## SOURCE INFORMATION:

· · · · · · ·

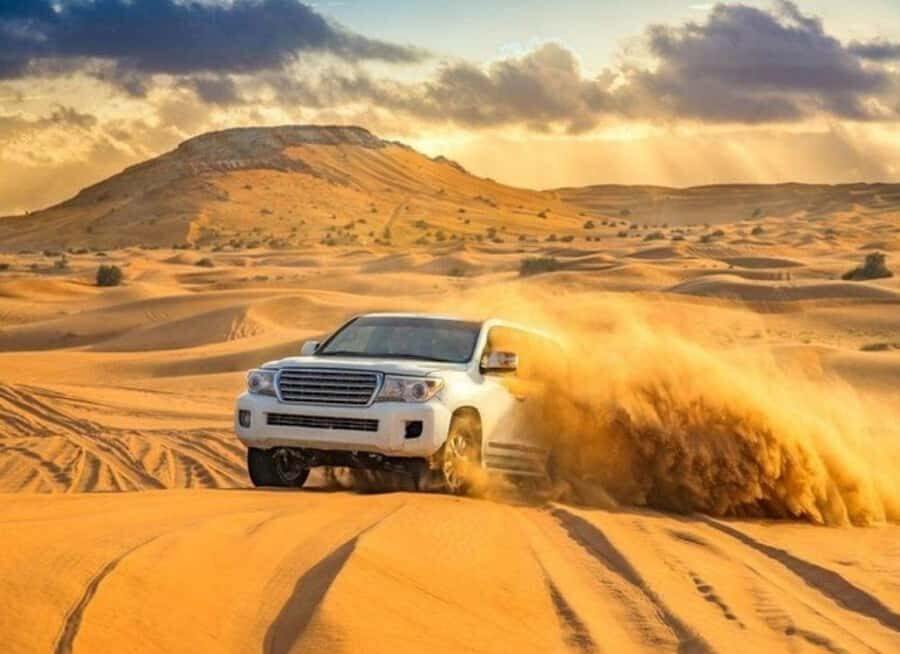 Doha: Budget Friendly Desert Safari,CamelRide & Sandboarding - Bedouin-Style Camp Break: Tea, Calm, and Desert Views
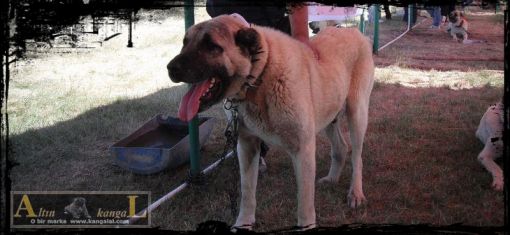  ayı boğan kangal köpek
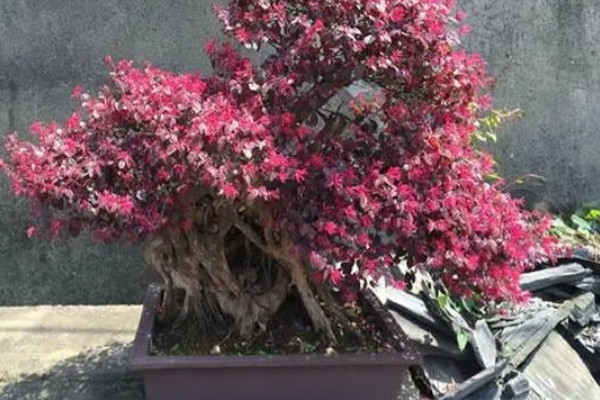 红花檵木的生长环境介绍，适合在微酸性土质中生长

· · · · · · ·

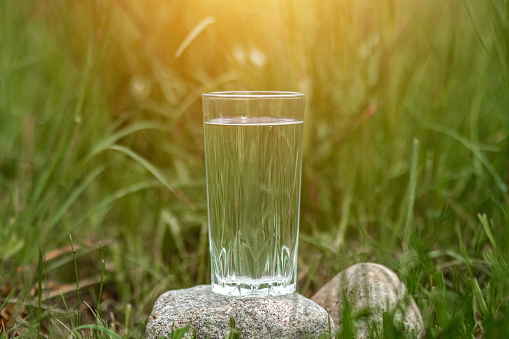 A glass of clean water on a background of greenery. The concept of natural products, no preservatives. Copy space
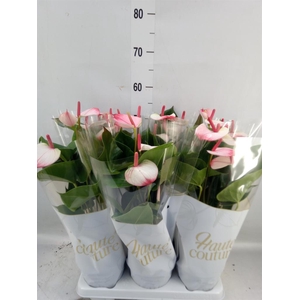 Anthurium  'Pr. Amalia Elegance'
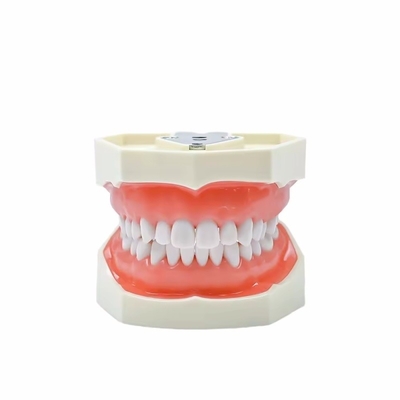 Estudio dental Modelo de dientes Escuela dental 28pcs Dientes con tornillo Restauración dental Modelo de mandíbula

· · · · · · ·

## WHAT IS EXPECTED:
Within the listing above, the lines starting at the one containing "ayı boğan kangal köpek" and ending at the one containing "红花檵木的生长环境介绍，适合在微酸性土质中生长" are to be returned exactly. Omit the pictures.

## EXERCISE SOLUTION:
  ayı boğan kangal köpek
 红花檵木的生长环境介绍，适合在微酸性土质中生长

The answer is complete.